Think-tank wants Government Digital Service to create a “single digital government account” for citizens, and says bringing the organisation into the Department for Digital, Media, Culture and Sport will improve focus on “all aspects of digital transformation”

The Policy Exchange think-tank believes the Department for Digital, Culture, Media and Sport (DCMS) should be given responsibility for leading the digital transformation of government and that the Government Digital Service (GDS) should be moved over to the department.

In a report setting out how the UK could become a global leader in “govtech”, the think-tank argues that having the Cabinet Office lead on some aspects of digital transformation and DCMS on others is slowing its progress.

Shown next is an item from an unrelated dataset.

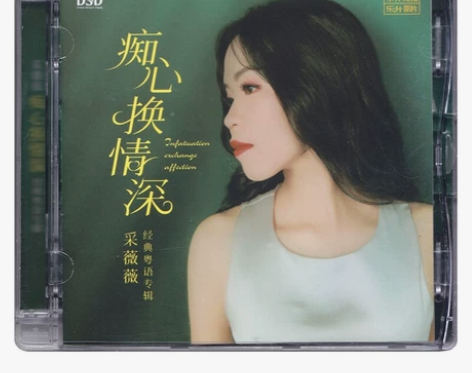 乐升唱片 采薇薇 痴心换情深 DSD 1C...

“While DCMS leads on the UK’s overall digital strategy, GDS currently remains largely under the departmental leadership of the Cabinet Office,” it said. “This divide adds organisational complexity, diffuses accountability and slows the overall progress of transformation.

“Given the Cabinet Office’s many other responsibilities, it often runs the risk of being distracted from the long-term work required for digital transformation. Bringing all of GDS together into DCMS would help create a more coherent Department for Digital and Culture, able to focus on all aspects of digital transformation across the public and private sector.”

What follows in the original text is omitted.